This is starting to get serious. Illinois this week became the 16th state of the United States to authorise same-sex marriage, when governor Pat Quinn signed legislation to that effect (it comes into operation on 1 June next year). Just a week earlier, Hawaii had become the 15th.
That means that about three in every eight Americans now live in states with marriage equality. But that includes three of the five most populous states, and the nation’s three biggest urban areas (New York, Los Angeles and Chicago). This is no longer something that can be dismissed as a fringe movement; it has become thoroughly mainstream.
Further progress may not be quite so rapid as the last couple of years, since the majority of the remaining states have constitutional bans on same-sex marriage – enacted at a time when public opinion was rather different. But the way things are going it’s only a matter of time before some of those are repealed. Wisconsin, Colorado and Oregon are obvious prospects; even more so Pennsylvania, whose ban is only by statute and which is now the only north-eastern state without same-sex marriage.
Earlier this year, Nate Silver modelled the movement of public opinion on the issue and projected that by 2016, there would be majority support for same-sex marriage in 31 of the 50 states.
That would push over a lot more dominoes, but it would also increase the likelihood that some sort of nationwide solution would be found. (Otherwise some deep southern states might hold out for a long time.) The most likely outcome would be a Supreme Court ruling that section 1 of article IV of the US Constitution – the “full faith and credit” clause – requires states to recognise marriages validly performed in another state, same-sex or not.
That’s how more conservative states were during the twentieth century obliged to accept divorce, and how Nevada’s liberal divorce laws in practice became available nationwide.
There’s been some recent publicity for the shift in American opinion on marijuana legalisation, which on some polling now enjoys majority support. As a graph at New York Magazine showed last month, both issues have been on a similar trajectory for about the last twenty years, with the drug issue playing catch up.
But looking at a longer time frame, same-sex marriage seems much more distinctive. Its growth in acceptance has been remarkably steady since it first appeared on the radar; indeed, the same has been true of gay rights in general. Other social issues show less consistency.
As I said back in March, when discussing capital punishment:
This trend mirrors a range of other social issues where reform seemed to be on the brink of full acceptance in the 1960s and ’70s but then struck unexpected resistance. Legalisation of marijuana is another obvious example: the drive halted and then went into reverse, recovering only in the last decade or so. The defeat of the Equal Rights Amendment in the 1970s appears to show the same dynamic.

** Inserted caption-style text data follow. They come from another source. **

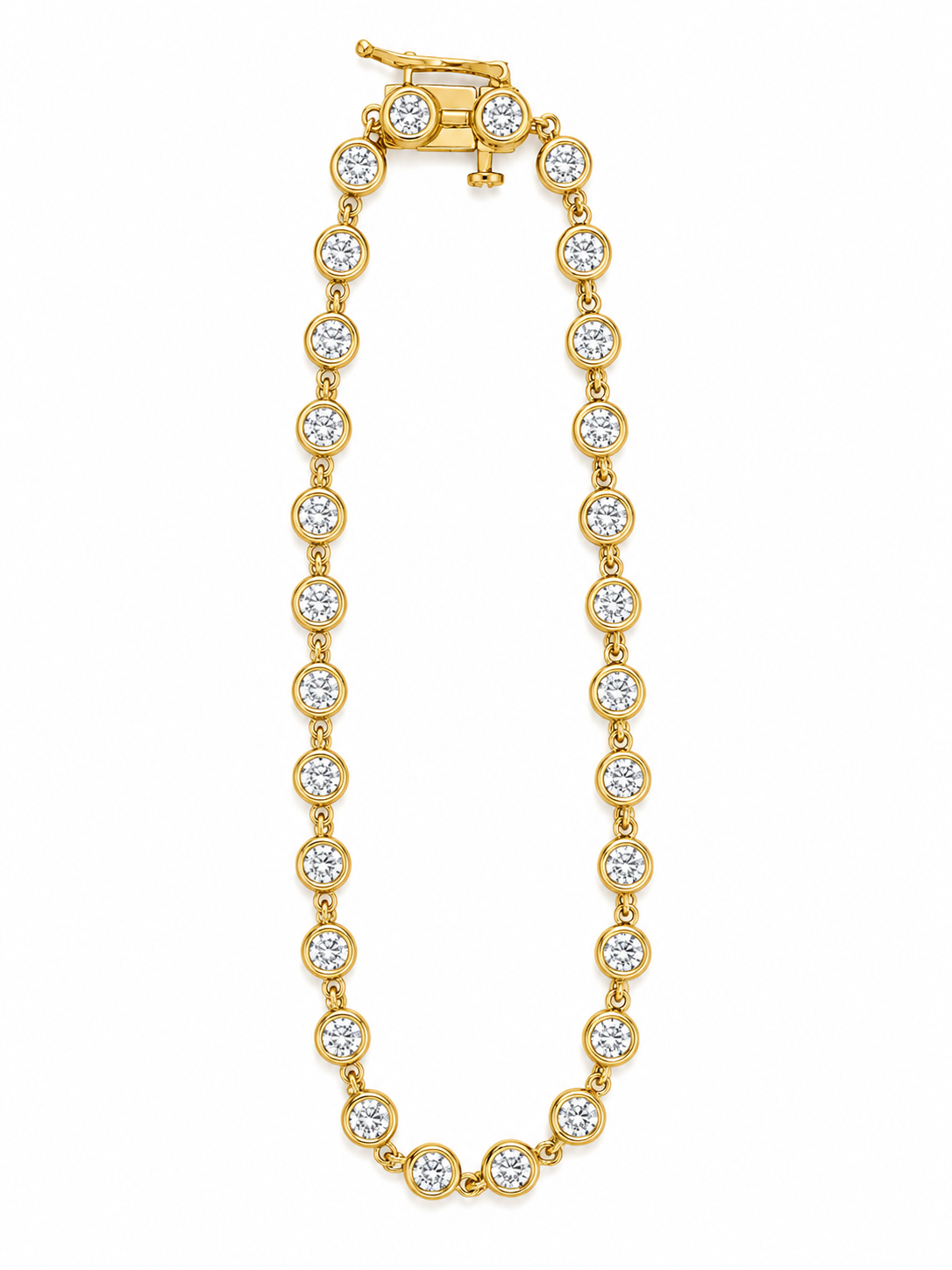10K Yellow Gold 1.50 CTW Lab-Grown Diamond Bezel Tennis Bracelet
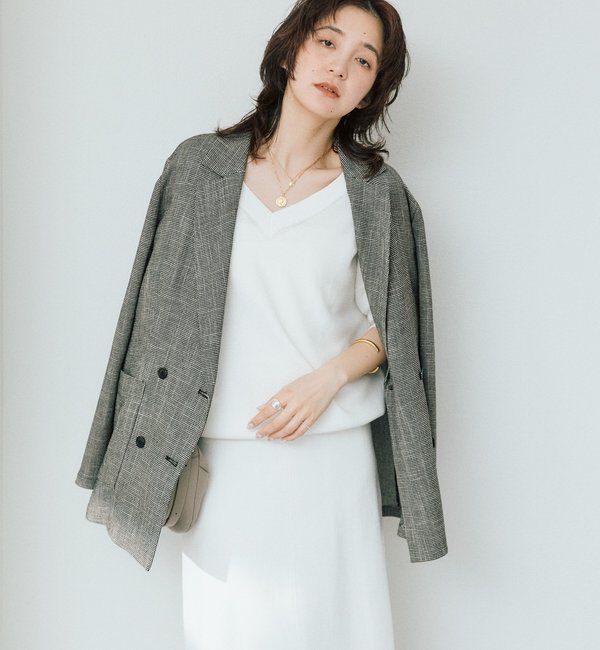  「【手洗い可能】ギマコットン片畦Vネックニット」|ニット・セーター|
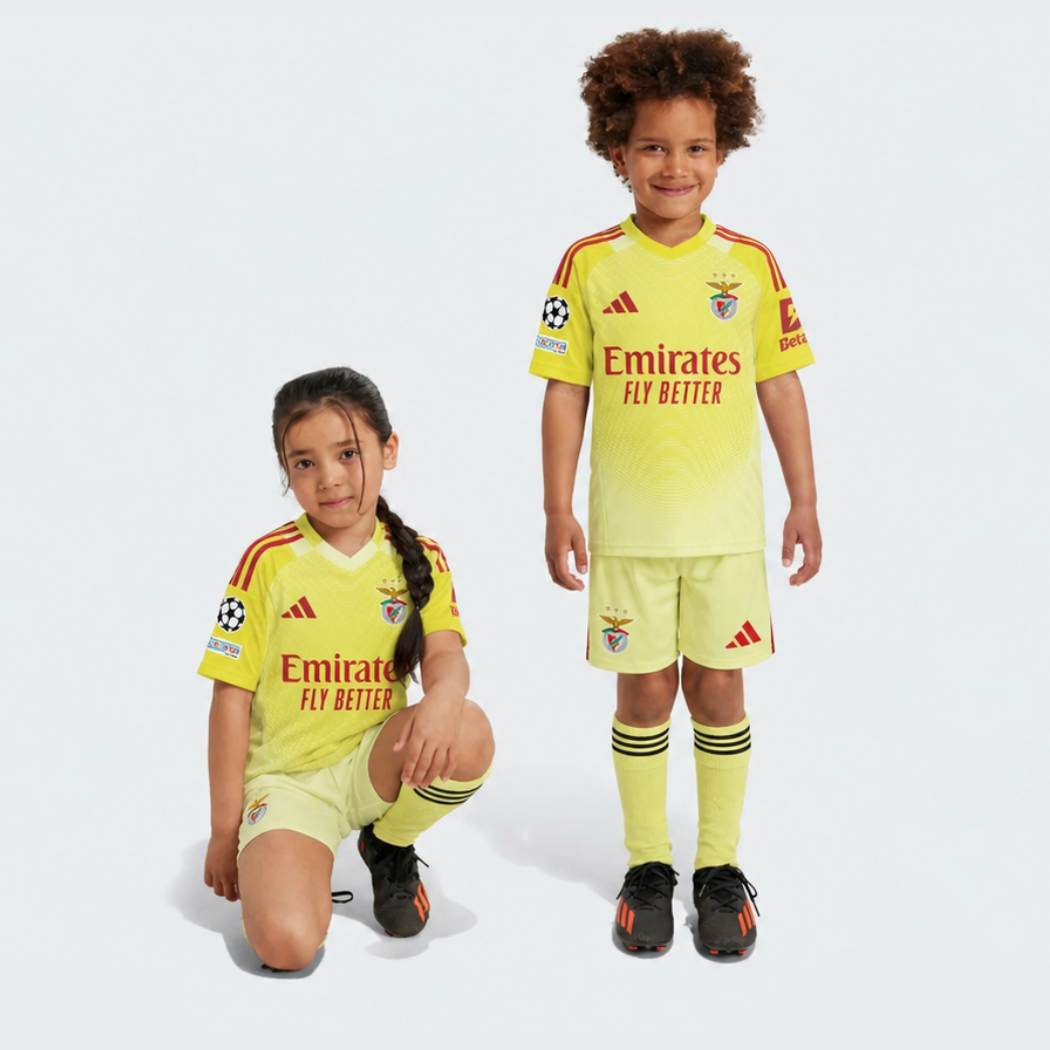 Conjunto Infantil Benfica Guarda Redes  Amarelo - 2025/26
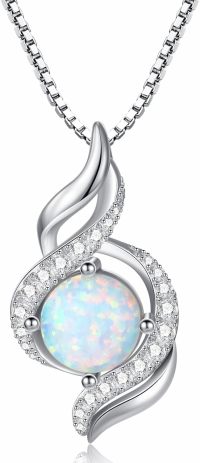 wholesale Sterling Silver 7 Color Opal Infinity Swirl Pendant Necklace (18 +2 )-Red Green White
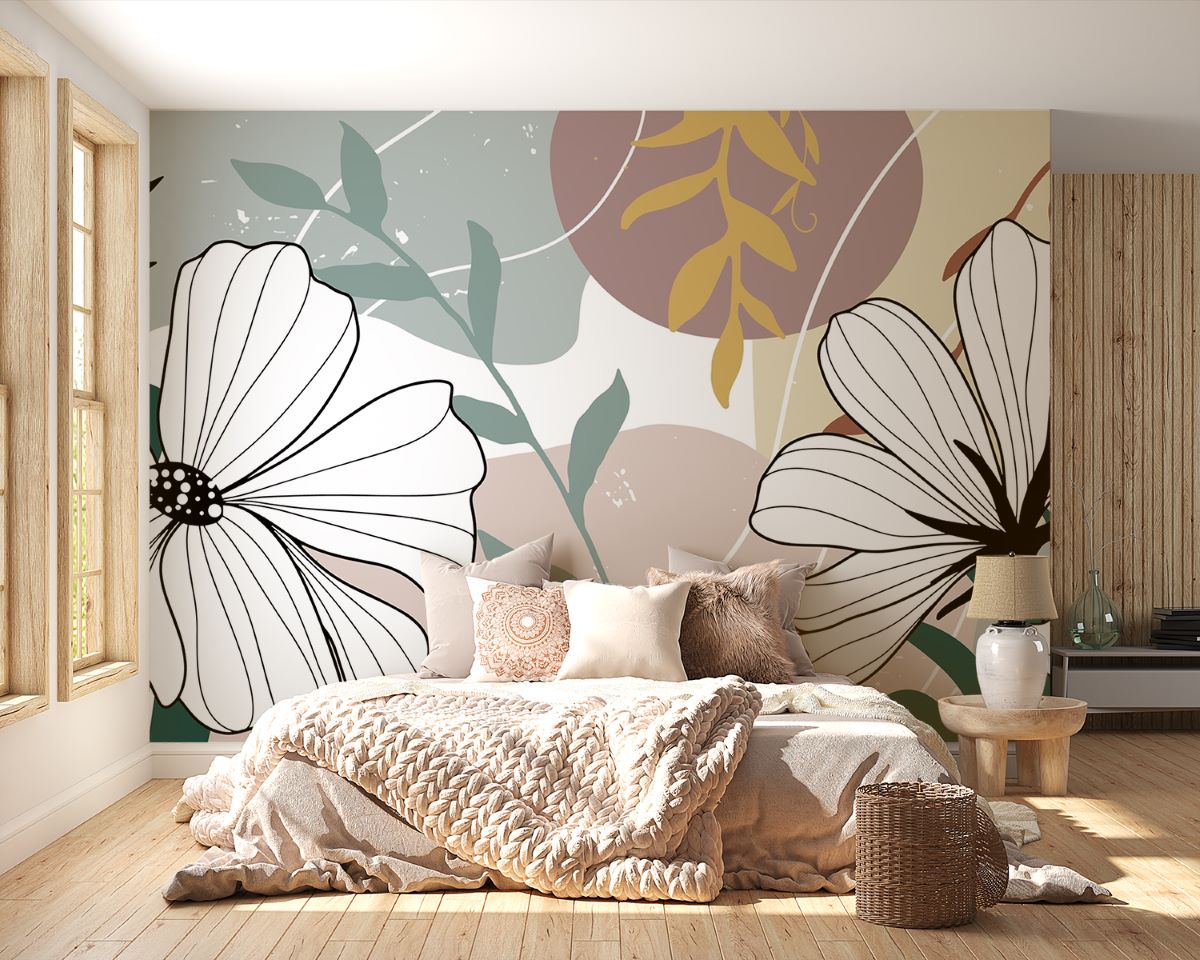Bedroom with floral wall mural and soft lighting
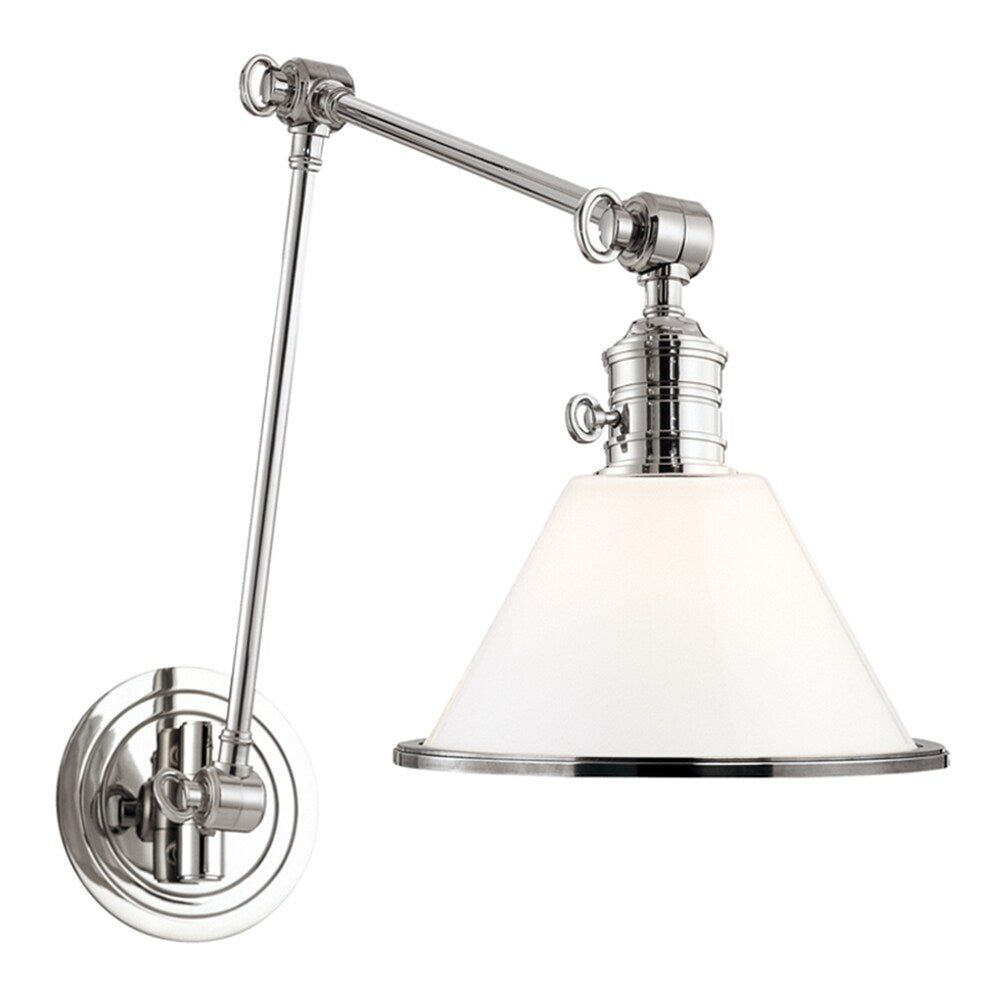Hudson Valley Garden City Polished Nickel Adjustable Wall Sconce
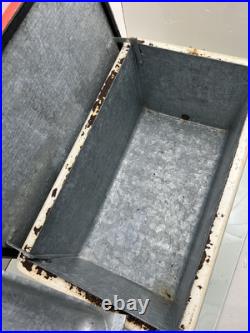 Vintage 1950s-60s Ice Chest Thermos Metal Cooler Retro Picnic VW Hot Rod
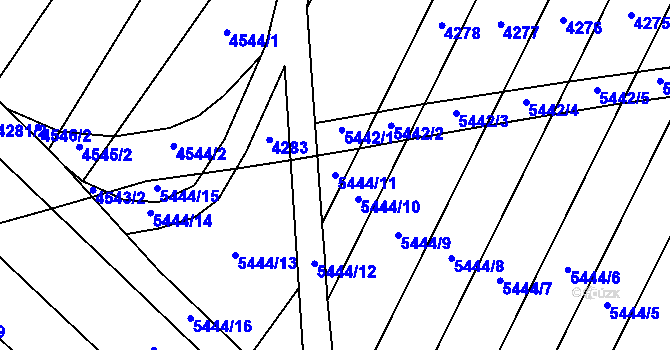 Parcela st. 5444/11 v KÚ Moravský Písek, Katastrální mapa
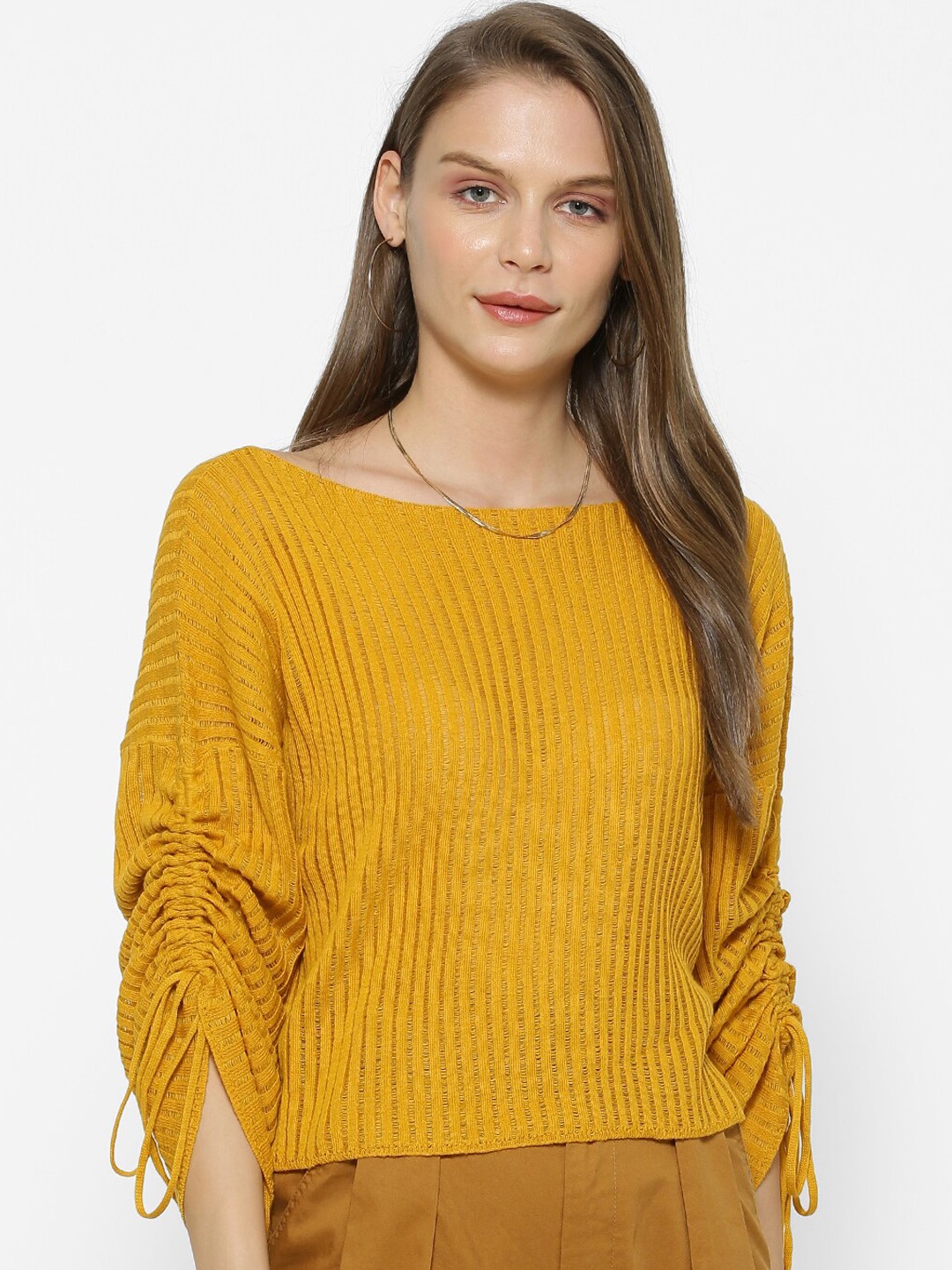 

FOREVER 21 Women Mustard Yellow Self Design Pullover Dolman Sweater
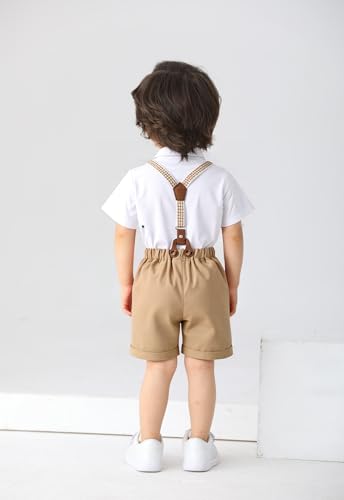 Boarnseorl Baby Boys Gentleman Outfits Shorts Sets,Infant Shirt + Shorts + Bow Tie + Suspenders3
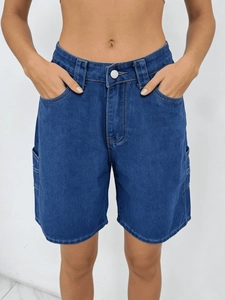 Pantaloncini Di Jeans Donna Stampa Stelle Larghi Gamba Dritta Lunghezza Ginocchio Cotone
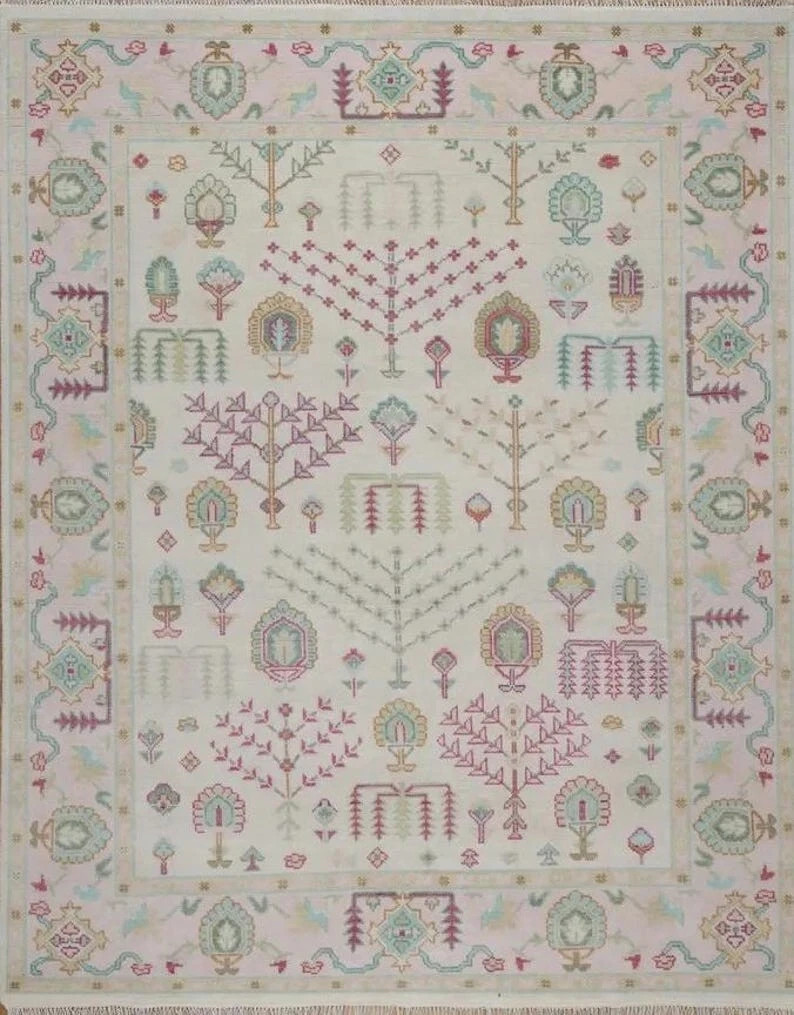Handwoven Moroccan Berber Wool Rug Color Cream/Light Pink Design Carpet Area Rug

After that long detour, drugs, gay rights and abolition of capital punishment now seem to be back on more or less the same path. But the detour is a valuable reminder that even social change that seems irreversible might not be. Things can go backwards as well as forwards; the fact that hasn’t happened to date with gay rights doesn’t necessarily mean that it can’t.
There’s also the question of why marijuana legalisation seems to have had less legislative success in the last few years. I suspect there are at least two reasons. One is that although the contours of ideological support and opposition on the two issues are similar, there are powerful vested interests opposed to legal marijuana that have no analogue in the case of same-sex marriage.
Lots of people are passionately opposed to gay people marrying, but hardly anyone has a strong economic interest in that position – unlike, say, those in the alcohol industry who might want to limit competition.
The other reason is that same-sex marriage is a fundamentally simple, yes-no issue. Everyone knows what it means to issue marriage licences to same-sex couples, and there’s really only one way to go about it. But there are many different models of drug legalisation, so it’s easy to muddy the waters and difficult for proponents of reform to agree on a single strategy.